We found support for our hypothesis that birds housed in high-complexity pens show higher kidney rTL scores across all three trials. This implies that the birds housed in complex environments tended to show less telomeric damage than birds in environments with little complexity. This suggests that birds in complex environments had a somewhat more positive cumulative experience than birds in simple environments. These higher rTL scores in high-complexity birds are consistent with previous work in humans where individuals with a more positive psychological or physical well-being show longer telomeres [12,13,45]. People that were not suffering from anxiety disorders or depression had longer leukocyte telomeres than people with these disorders [12,13]. Healthy women showed slower TL decline when exposed to stressors compared to less healthy women [45]. Thoroughly reviewed by Zhang et al. [46], some TL data in livestock show similar trends, although some did not find TL associations with negative stressors or abnormal behaviors, such as a lack of association with abnormal oral behavior [84] or racing performance [85] in horses. Yet, healthy dairy cattle had longer telomeres than less healthy individuals, indicated by cull rates being lower in cows with long telomeres compared to cows with short telomeres [86]. Brahman cow parity was negatively associated with leukocyte TL [87]. The authors hypothesized that the differences in TL may originate from psychological and physiological stress of raising a calf [87]. In broilers, the provision of environmental enrichments to create a complex environment is considered to contribute to positive experience [6,58,59,61], and our results suggest that complex environments may promote physiological resilience in these birds. In line with our findings, control-group broiler chickens showed longer buffy coat TL compared to chickens that were fed a diet with corticosterone to induce chronic stress [49]. We consider two potential mechanisms for the higher rTL scores in high-complexity birds compared to low-complexity birds.

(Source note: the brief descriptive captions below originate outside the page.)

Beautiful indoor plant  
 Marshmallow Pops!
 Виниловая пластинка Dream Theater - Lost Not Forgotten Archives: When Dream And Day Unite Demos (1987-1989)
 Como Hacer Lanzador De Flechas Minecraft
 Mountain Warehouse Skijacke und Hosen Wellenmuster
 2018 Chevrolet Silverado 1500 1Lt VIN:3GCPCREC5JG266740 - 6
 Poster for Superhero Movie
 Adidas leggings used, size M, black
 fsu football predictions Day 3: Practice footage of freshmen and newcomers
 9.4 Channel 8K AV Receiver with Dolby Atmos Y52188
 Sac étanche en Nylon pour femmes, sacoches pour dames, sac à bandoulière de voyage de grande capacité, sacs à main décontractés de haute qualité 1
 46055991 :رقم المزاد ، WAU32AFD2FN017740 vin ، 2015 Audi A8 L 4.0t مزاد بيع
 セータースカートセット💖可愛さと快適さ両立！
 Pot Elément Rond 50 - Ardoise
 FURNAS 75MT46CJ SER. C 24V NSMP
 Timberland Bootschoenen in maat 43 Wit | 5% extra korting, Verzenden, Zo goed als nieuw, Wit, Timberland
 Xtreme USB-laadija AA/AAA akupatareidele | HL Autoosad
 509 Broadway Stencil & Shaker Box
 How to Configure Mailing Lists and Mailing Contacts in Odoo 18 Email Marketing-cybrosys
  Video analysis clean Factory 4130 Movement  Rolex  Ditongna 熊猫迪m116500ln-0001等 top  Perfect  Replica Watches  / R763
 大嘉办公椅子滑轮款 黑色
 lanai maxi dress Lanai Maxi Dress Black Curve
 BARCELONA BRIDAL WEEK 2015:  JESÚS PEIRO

Firstly, positive experience in response to a complex environment may have reduced the number of distressing events experienced and provided opportunities for positive experiences. This decreased oxidative stress and telomeric DNA damage, reducing or mitigating telomere shortening due to distressing events. Chronic or acute stress was not assessed in this study; thus, the reduced distress in the high-complexity treatment cannot be confirmed. Yet, environmental complexity can decrease distress in birds [57,62,88–90], and chronic stress did reduce TL in broilers [49]. Aligned, broilers housed in high-complexity pens were less fearful following three acute stressors (sound stress, heath stress, and crating stress) compared to broilers housed in low-complexity environments [62]. Laying hens housed in high-complexity pens had a reduced startle reflex and comb temperature in response to acute stressors (light flash, restraint, and sudden appearance of a novel object) compared to low-complexity pens, indicating that those birds were more resistant to distress compared to birds from low-complexity environments [88]. Based on these previous findings, we infer that the small but positive impacts of high complexity on kidney telomere length are at least in part due to a reduction and mitigation of distressing situations.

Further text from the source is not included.